By Col. A. M. Hobby.
|’Tis dead of night, nor voice, nor sound, breaks on the stillness of the air,|
The waning moon goes coldly down on frozen fields and forests bare:
The solemn stars are glittering high, while here my lonely watch I keep,
To guard the brave with anxious eye, who sweetly dream and sweetly sleep.
Perchance of home these sleepers dream, of sainted ones no longer here,
Whose mystic forms low bend unseen, and breathe soft whispers in their ear:
Sleep on, sleep on, my comrades brave, quaff deep to-night of pleasure’s cup,
Ere morning’s crimson banners wave, and reveille shall rouse thee up.
The sporting winds and waves to-night seem tired of their boisterous play,
And armed ships, with signal lights and bristling guns before me lay:
But not of ships nor battle-fields, with clash of arms and roll of drums—
To softer scenes my spirit yields—to-night a sweeter vision comes.
It is thine own beloved one! whose kiss I feel, whose smile I see;
O God! protect that wife at home, begirt with growing infancy:
To-night, to-night I’m with you there, around my knees fond children gather!
And climb, the envied kiss to share, amidst the sounds of “Husband!
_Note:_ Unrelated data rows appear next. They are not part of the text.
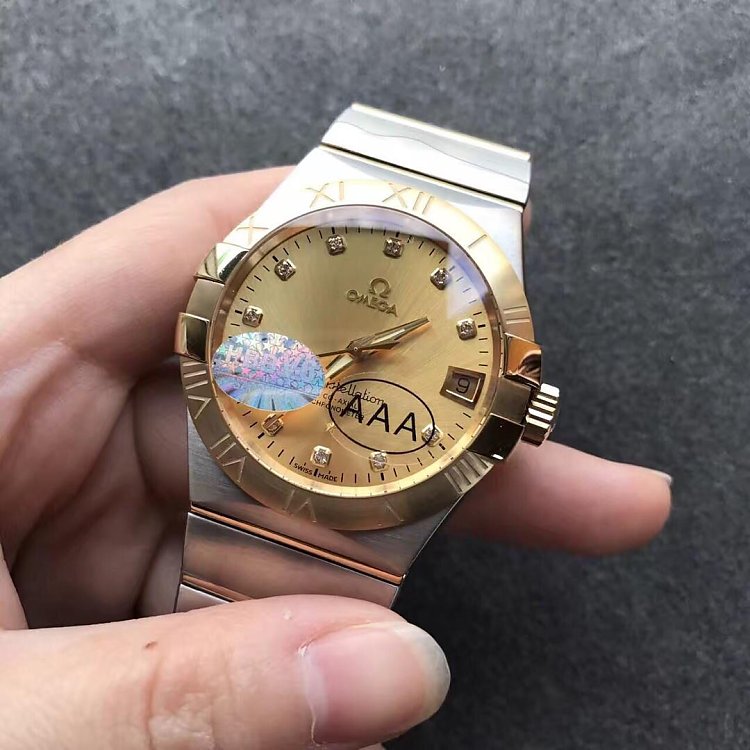 V6 Omega Constellation Series Mænds Mekanisk Watch mellem guld - Klik på billedet for at lukke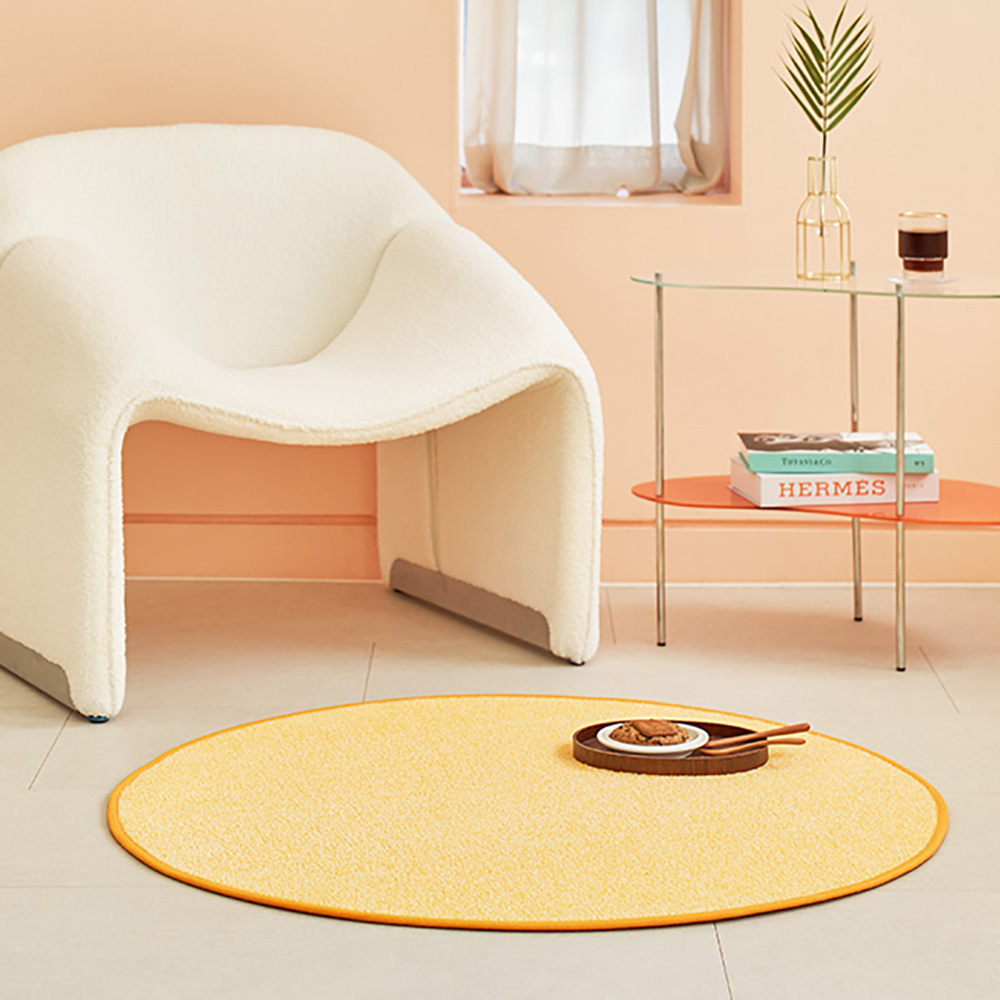 스칸디앤홈 관리쉬운 크림투톤 단모 러그 워셔블 거실 카페트 원형 53,260원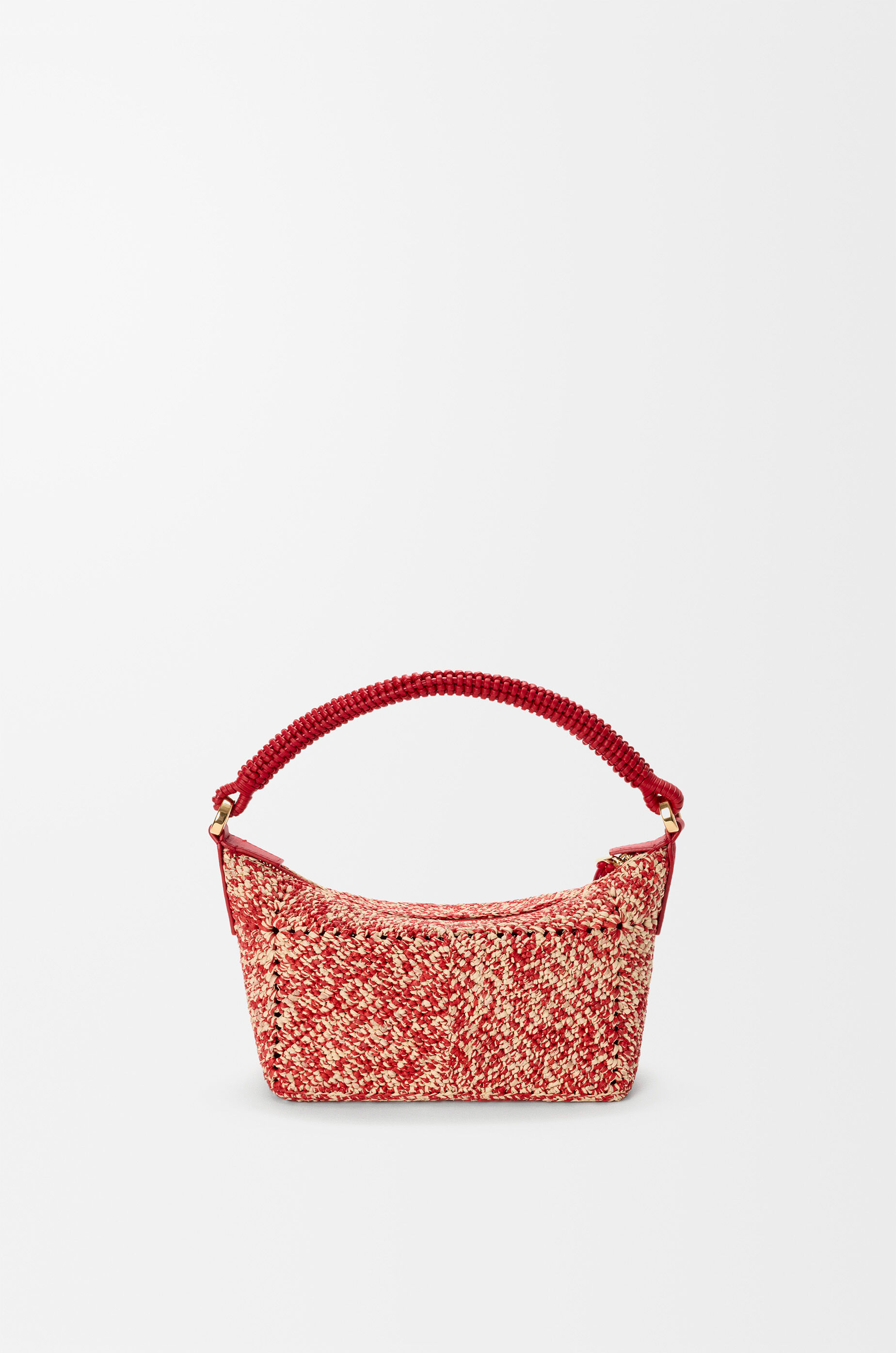 LOEWE Cala mini bag in melange raffia Red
Father!”
Such thoughts my eyes with moisture fill, my bosom heaves, my pulses start;
Close down I’ll press my gun to still the wild emotions of my heart:
Hush! pleading one—I cannot stay! the spoiler comes with fiendish wrath—
Black ruin marks his bloody way, and blazing homes have lit his path.
“Go, husband, go! God nerve thy blows—their footsteps foul blot from our shore—
Strike! ’till our land is free from foes whose hands are stained with Southern gore;
Strike! husband, strike—I’d rather weep, the widow of a patriot brave,
Than lay my heart (I’d scorn to sleep) beside a subjugated slave.”
Thy woman’s soul is true and grand! the battle-field my home shall be,
Until our country’ll proudly stand acknowledged as a nation free;
’Till then, oh, welcome fields of strife, the victor’s shout, the vanquished cry,
Where ebbs the crimson stream of life, where quick and dead together lie.
’Mid bursting shell and squadron’s dash, where broken ranks disorder’d fly,
Where angry cannon’s flash on flash paints hell upon the lurid sky,
Where many a brave shall sink to rest, and fondly cherish’d hopes will set,
And blood that warms the manly heart, will dim the glittering bayonet.
When these are past, and victory’s sun in undimm’d splendor lights the skies,
And peace, by dauntless valor won, and proudly free our banner flies,
Then to my Western prairie home, with eager haste, each nerve shall strain,
Nor from its hallow’d precincts roam, unless my country call again.
There unalloy’d shall be our bliss; we’ll watch the sun give morning birth,
And, sinking, leave his parting kiss upon the dewy lips of earth.
The moon has waxed and waned away; the morning star rides pale and high—
Fond dreams of home no longer stay, but fade like stars on mornings sky.
Galveston, Texas, Feb. 1, 1864.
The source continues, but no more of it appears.